NASA tells me that to capture NIR, you'll need a filter cutting at about 700nm, such as Hoya R70, Marumi 700HB or B+W 092 (that last one is actually 695nm). The diameter should be chosen the same as thread diameter of lens you're going to use (if there are several lenses, either get all different sizes, or the one with biggest diameter and step-up rings for smaller diameter lenses).
I should be able to get RED and NIR as a separate bands of a image
I'm not quite sure what was meant by this, but if you meant you'd like to capture NIR in one color channel and visible light in another, then unfortunately there's no filter that could do exactly that. It would require you to replace the Bayer filter on sensor, i.e. the microfilters on each sensel.

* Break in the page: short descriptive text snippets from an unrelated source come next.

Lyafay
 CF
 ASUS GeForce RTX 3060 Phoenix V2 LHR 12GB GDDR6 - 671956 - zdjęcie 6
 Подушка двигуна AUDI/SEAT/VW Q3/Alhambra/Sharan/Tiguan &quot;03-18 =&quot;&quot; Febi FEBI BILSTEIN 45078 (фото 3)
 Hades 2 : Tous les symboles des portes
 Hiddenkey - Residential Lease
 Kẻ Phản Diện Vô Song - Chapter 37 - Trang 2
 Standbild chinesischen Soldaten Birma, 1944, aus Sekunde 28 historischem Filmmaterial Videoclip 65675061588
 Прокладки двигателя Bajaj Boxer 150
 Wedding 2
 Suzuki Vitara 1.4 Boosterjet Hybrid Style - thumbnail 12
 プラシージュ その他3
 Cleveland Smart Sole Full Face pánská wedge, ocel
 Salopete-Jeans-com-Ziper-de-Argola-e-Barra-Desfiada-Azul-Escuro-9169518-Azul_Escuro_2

However, my experiences with a Olympus C-2020Z (known for its hot mirror doing a lousy job when blocking IR) with a Hoya R72 and tells me that IR affects all color channels. So when letting in red+IR, you'd have IR in blue/green channels and red visible light+IR in red channel. By subtracting average of other channels from red (perhaps multiplied by some factor found experimentally through testing with IR only), you'd get approximate value for visible light only.
I was in Valencia for the AgEng/CIGR 2012 conference where I saw a presentation about adapting a DSLR to do exactly this. The paper contains the details how to get the best possible Red/NIR colour space for NDVI and shows application of the results. You need to remove the ir cut filter and replace with a ~600nm long pass filter.
Then you do linear combinations of the the 3 colour bands. Their work base the calculations on actual measured spectral response curves, which you might not have the gear for. The result depends on the white balance but I have tried this technique without actually doing all this on a Basler ACA640-90GC camera. I got good result incorporating it into the bayer demosaiqueing, separating the NIR channel into the blue colour and red into the red colour and nullifying the green. The hard part is balancing the intensity balance of the two bands, since the response to NIR in the cmos is about 25%. I also found that the result is very sensitive to the bayer conversion algorithm. I found that Basler's SDK actually use nearest neighbor, which makes very bad NDVI images.
Example image - before and after converting to NDVI index:
And an example when using the Basler bayer conversion:
Five years on this topic remains of research interest, particularly regarding drone carried cameras, so another answer is probably of some value. The AgEng2012 site linked above has been removed but this paper is the best I've come across:
Rabatel, G.; Gorretta, N.; and Sylvain, L. Getting simultaneous red and near-infrared band data from a single digital camera for plant monitoring applications: Theoretical and practical study. Biosystems Engineering 117(1):2–14, January 2014. DOI 10.1016/j.biosystemseng.2013.06.008.
Methodology and findings are similar to what Michael mentions: converted camera, ~600nm red filter, sensitivity to demosaicing, linear band calculations, and improved spatial resolution compared to NDVI specific cameras at the expense of some SnR limitations.
Newport.com, thorlabs.com, or edmundsoptics all sell longpass filters that can be used for you app.
It's been my experience that the NIR bandpass of the green and blue Bayer filters are almost the same ( less than 10 digital numbers difference at up to 90% of the sensors dynamic range). The red channel NIR bandpass is slightly smaller than the blue and green. But it's going to depend on the camera manufacturer.
You might also want to work with raw data images as the built in demosaicing process can create artifacts. NN demoaicing might not look the prettiest but it retains the trues spectral signal of the scene.